How can businesses determine if they are joint employers?

The Department of Labor says there is no change in policy — that this guidance is just an attempt to aid compliance. However, some business groups feel this is a change.  If you read the guidance, it provides examples or tests of what constitute joint employers.  For example, there are “horizontal” employer relationships where two businesses that separately employ a worker may have an association or be related in a way that makes them joint employers.  There are also “vertical” relationships where an employer might hire another business or subcontractor to do work and those employees are considered employed by both even if there is not control or supervision by one employer, because a degree of economic dependence exists.

How is the guidance related to the NLRB’s change in the joint-employer definition?
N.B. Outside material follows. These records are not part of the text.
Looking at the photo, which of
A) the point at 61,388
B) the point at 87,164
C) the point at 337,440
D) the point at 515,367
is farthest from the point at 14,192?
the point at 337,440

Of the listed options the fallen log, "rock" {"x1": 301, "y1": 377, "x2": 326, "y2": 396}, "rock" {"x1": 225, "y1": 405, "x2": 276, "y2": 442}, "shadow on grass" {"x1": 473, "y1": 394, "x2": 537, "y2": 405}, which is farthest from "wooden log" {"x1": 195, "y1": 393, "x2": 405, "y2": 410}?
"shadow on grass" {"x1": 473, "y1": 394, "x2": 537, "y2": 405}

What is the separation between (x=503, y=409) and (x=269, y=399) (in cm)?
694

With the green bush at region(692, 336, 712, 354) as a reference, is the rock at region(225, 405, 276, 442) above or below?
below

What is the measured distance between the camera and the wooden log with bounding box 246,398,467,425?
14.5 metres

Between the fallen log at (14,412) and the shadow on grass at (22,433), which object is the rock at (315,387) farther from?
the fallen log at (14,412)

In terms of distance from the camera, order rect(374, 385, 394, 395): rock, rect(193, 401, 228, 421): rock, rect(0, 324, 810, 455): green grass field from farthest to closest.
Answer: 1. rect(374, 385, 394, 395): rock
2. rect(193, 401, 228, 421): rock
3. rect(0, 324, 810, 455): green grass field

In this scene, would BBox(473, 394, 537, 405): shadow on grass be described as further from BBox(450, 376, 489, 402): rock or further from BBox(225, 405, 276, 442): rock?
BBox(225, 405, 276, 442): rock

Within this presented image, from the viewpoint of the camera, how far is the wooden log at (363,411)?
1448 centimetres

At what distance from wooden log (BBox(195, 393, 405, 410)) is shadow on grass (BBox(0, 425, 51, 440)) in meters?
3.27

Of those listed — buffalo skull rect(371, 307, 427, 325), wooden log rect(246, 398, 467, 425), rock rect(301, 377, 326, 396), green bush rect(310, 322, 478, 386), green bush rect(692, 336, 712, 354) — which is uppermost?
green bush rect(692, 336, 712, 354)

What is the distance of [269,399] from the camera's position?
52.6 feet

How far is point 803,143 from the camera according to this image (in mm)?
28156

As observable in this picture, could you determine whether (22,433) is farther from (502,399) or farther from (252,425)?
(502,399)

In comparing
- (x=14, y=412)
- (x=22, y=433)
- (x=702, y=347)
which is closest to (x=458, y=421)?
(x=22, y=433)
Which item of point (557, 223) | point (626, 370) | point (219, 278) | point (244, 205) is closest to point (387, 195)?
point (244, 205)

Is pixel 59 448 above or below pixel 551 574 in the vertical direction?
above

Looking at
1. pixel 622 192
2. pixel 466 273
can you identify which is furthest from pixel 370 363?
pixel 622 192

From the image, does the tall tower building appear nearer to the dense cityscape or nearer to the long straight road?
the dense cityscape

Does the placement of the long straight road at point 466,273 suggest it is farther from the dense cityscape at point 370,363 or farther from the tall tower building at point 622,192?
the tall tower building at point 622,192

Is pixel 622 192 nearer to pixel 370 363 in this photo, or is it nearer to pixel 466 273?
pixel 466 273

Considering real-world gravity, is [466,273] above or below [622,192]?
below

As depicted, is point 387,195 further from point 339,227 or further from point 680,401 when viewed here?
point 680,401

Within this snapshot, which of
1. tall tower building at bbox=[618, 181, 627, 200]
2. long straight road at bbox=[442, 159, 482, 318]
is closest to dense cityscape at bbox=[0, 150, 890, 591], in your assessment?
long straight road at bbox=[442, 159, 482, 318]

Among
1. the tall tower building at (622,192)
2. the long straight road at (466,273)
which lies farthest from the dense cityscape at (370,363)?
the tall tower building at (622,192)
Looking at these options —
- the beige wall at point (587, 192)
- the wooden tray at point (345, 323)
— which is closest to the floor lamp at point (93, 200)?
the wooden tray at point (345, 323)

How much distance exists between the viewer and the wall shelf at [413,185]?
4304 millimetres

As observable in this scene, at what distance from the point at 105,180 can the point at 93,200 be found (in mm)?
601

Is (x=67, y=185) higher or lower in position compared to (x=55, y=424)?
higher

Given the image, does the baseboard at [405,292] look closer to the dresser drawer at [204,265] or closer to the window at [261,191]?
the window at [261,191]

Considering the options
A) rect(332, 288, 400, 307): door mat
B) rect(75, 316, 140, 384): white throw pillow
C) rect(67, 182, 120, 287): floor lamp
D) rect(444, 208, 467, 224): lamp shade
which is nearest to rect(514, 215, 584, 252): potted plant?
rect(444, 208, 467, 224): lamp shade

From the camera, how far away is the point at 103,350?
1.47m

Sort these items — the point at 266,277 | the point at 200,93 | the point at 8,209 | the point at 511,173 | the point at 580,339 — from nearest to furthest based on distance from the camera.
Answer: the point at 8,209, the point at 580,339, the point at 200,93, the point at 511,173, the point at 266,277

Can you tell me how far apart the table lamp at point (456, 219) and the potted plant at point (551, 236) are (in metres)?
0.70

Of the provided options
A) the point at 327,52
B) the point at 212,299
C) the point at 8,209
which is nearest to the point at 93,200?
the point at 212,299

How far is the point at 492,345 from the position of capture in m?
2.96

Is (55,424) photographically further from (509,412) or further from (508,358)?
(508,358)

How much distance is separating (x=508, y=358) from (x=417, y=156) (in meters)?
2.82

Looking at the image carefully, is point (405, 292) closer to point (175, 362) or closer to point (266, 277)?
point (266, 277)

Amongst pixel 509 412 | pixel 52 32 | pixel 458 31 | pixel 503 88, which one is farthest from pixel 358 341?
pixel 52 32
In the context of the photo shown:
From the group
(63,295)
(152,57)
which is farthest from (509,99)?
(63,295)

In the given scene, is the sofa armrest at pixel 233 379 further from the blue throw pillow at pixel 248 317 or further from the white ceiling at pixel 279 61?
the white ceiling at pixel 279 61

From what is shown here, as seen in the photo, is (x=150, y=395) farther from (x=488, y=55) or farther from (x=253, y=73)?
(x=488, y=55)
The NLRB is generally responsible for policies that affect workers’ rights to organize.  The Board expanded the definition of joint employer to capture not only those with direct control over employees, but also some that have indirect or un-exercised control or supervision. The DoL oversees the enforcement of other labor laws, like minimum wage and overtime, and their guidance applies a broader interpretation of employment that relies on “economic realities” rather than control of workers.
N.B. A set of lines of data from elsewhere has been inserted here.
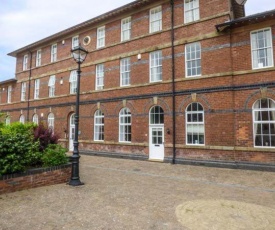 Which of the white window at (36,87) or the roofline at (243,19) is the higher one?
the roofline at (243,19)

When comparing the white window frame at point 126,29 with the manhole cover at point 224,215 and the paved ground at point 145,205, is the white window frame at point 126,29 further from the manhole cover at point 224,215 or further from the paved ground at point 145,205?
the manhole cover at point 224,215

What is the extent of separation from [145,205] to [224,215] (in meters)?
1.93

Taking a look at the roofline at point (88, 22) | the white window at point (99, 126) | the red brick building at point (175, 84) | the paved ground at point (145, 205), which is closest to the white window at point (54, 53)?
the roofline at point (88, 22)

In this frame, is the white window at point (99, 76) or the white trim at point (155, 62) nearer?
the white trim at point (155, 62)

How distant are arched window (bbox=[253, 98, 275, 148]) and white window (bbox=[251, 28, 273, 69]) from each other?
187cm

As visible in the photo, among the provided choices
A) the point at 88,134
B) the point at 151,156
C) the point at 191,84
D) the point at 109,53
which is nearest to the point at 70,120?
the point at 88,134

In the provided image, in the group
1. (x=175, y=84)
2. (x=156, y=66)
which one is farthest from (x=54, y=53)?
(x=175, y=84)

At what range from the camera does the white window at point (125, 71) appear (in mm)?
15724

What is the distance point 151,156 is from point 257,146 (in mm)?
6030

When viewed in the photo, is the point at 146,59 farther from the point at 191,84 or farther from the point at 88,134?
the point at 88,134

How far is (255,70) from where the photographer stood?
11078 mm

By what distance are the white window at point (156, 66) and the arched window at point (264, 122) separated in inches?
234

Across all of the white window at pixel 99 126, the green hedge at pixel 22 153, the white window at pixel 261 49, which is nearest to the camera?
the green hedge at pixel 22 153

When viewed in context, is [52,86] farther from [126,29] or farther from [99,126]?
[126,29]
Why is it important to consider the DoL’s guidance?

This action on the part of DoL, in the wake of NLRB’s decision as well as some activity on joint-employer status at the Occupational Safety and Health Administration (OSHA), signals that the Administration, is focused on and, frankly, wary of the trend toward more outsourced work and the motives of employers in seeking outside companies to fulfill some of their needs.  It is anticipated that there will be an uptick in investigations by the DoL and that there will be more employers held accountable for more workers.